§ **WHAT THE TASK ASKS**: Please repeat exactly the lines below from the one containing "guruhlarida surunkali atrofik" down to the one containing "aniqladi. Ushbu ma'lumotlar", both included, and nothing else.

(Items from a data source)

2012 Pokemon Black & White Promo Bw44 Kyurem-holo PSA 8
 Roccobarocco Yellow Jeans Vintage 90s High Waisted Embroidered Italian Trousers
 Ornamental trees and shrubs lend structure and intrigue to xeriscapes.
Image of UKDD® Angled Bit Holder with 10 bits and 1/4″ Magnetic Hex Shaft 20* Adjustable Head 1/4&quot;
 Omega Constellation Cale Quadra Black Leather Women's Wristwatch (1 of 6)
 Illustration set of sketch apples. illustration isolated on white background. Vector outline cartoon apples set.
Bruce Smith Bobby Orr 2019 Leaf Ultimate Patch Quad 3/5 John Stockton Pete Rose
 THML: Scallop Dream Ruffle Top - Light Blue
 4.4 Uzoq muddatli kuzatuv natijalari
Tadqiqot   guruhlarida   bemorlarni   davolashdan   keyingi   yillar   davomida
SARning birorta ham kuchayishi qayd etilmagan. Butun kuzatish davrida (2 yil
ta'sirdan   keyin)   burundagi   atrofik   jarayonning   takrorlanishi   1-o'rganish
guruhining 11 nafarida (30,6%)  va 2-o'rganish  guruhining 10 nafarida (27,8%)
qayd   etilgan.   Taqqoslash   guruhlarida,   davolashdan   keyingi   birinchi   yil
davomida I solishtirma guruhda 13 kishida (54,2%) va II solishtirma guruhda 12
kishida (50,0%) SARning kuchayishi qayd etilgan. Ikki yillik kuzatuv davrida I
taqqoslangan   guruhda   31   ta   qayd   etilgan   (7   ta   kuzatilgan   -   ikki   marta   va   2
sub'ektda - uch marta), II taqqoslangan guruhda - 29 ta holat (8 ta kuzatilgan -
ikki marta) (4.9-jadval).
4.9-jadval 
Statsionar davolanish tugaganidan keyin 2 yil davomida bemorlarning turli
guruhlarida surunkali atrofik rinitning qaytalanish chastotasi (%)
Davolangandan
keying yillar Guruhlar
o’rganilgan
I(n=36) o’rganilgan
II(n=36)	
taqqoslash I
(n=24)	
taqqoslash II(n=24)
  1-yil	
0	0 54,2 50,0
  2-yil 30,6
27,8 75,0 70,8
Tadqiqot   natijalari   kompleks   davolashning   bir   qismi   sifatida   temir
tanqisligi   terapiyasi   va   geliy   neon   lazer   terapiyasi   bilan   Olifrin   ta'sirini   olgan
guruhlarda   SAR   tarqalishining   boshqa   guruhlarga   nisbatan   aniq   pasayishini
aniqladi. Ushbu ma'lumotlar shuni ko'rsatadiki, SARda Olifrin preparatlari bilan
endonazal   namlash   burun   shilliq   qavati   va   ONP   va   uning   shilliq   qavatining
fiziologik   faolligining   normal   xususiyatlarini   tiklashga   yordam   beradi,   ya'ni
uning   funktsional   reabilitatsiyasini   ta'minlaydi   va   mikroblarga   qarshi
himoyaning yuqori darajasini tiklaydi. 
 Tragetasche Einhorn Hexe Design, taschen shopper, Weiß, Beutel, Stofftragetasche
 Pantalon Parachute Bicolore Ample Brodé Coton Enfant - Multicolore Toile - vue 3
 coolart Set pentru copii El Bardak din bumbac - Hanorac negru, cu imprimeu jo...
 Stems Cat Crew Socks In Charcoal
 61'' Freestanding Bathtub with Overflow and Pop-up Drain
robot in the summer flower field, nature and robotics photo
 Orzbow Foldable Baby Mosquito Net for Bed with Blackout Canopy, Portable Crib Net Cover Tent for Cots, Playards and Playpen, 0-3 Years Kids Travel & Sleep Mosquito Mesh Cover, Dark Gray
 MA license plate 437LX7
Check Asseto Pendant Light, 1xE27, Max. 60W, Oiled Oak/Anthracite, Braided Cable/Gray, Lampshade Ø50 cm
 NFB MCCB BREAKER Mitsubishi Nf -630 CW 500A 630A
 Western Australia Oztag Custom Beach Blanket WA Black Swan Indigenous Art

§ **EXERCISE RESPONSE**:
guruhlarida surunkali atrofik rinitning qaytalanish chastotasi (%)
Davolangandan
keying yillar Guruhlar
o’rganilgan
I(n=36) o’rganilgan
II(n=36)	
taqqoslash I
(n=24)	
taqqoslash II(n=24)
  1-yil	
0	0 54,2 50,0
  2-yil 30,6
27,8 75,0 70,8
Tadqiqot   natijalari   kompleks   davolashning   bir   qismi   sifatida   temir
tanqisligi   terapiyasi   va   geliy   neon   lazer   terapiyasi   bilan   Olifrin   ta'sirini   olgan
guruhlarda   SAR   tarqalishining   boshqa   guruhlarga   nisbatan   aniq   pasayishini
aniqladi. Ushbu ma'lumotlar shuni ko'rsatadiki, SARda Olifrin preparatlari bilan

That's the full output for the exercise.